Trying with Stable build of PyTorch with CUDA 11.3 & 11.6
I’m using my university HPC to run my work, it worked fine previously. But this time, PyTorch cannot detect the availability of the GPUs even though nvidia-smi
shows one of the GPUs being idle.
Using nvcc --version
:
nvcc: NVIDIA (R) Cuda compiler driver
Copyright (c) 2005-2020 NVIDIA Corporation
Built on Wed_Jul_22_19:09:09_PDT_2020
Cuda compilation tools, release 11.0, V11.0.221
Build cuda_11.0_bu.TC445_37.28845127_0
Using nvidia-smi
(it took a longer time to load up the table below):
Sun Sep 25 05:08:11 2022
+-----------------------------------------------------------------------------+
| NVIDIA-SMI 515.65.01 Driver Version: 515.65.01 CUDA Version: 11.7 |
|-------------------------------+----------------------+----------------------+
| GPU Name Persistence-M| Bus-Id Disp.A | Volatile Uncorr. ECC |
| Fan Temp Perf Pwr:Usage/Cap| Memory-Usage | GPU-Util Compute M. |
| | | MIG M. |
|===============================+======================+======================|
| 0 NVIDIA A40 On | 00000000:CA:00.0 Off | 0 |
| 0% 30C P8 32W / 300W | 0MiB / 46068MiB | 0% Default |
| | | N/A |
+-------------------------------+----------------------+----------------------+
| 1 ERR! On | 00000000:E3:00.0 Off | ERR! |
|ERR! ERR! ERR! ERR! / ERR! | 0MiB / 46068MiB | ERR! Default |
| | | ERR! |
+-------------------------------+----------------------+----------------------+
+-----------------------------------------------------------------------------+
| Processes: |
| GPU GI CI PID Type Process name GPU Memory |
| ID ID Usage |
|=============================================================================|
| No running processes found |
+-----------------------------------------------------------------------------+
Both GPUs should be the A40 but one of the cards just shows ERR!

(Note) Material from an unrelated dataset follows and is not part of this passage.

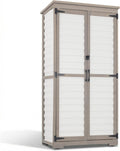 Outdoor Storage Cabinet – Store More in Less Space, Tall Vertical Garden Tool Organizer with 4 Shelves & Long Handle Storage, Weather-Resistant Patio Cabinet for Backyard, Garden, Side Yard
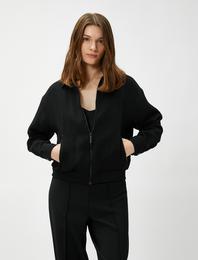 Bomber Ceket Fermuarlı Cepli Gömlek Yaka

, which is odd as this has never happened before. I tried installing the Stable (1.12.1) of PyTorch with CUDA 11.6, no luck. So I tried to reinstall the version with CUDA 11.3 which previously worked well, with the same result. (I’m not using the vision and audio module so I didn’t revert these two modules.)
pip3 install torch torchvision torchaudio --extra-index-url https://download.pytorch.org/whl/cu116
pip3 install torch --extra-index-url https://download.pytorch.org/whl/cu113
So what happens is, when I run the following code, it returns an empty list with a warning.
import torch
available_gpus = [torch.cuda.device(i) for i in range(torch.cuda.device_count())]
# /scratch/miniconda/conda/envs/jupyterlab/lib/python3.10/site-packages/torch/cuda/__init__.py:83: UserWarning: CUDA initialization: CUDA driver initialization failed, you might not have a CUDA gpu. (Triggered internally at ../c10/cuda/CUDAFunctions.cpp:109.)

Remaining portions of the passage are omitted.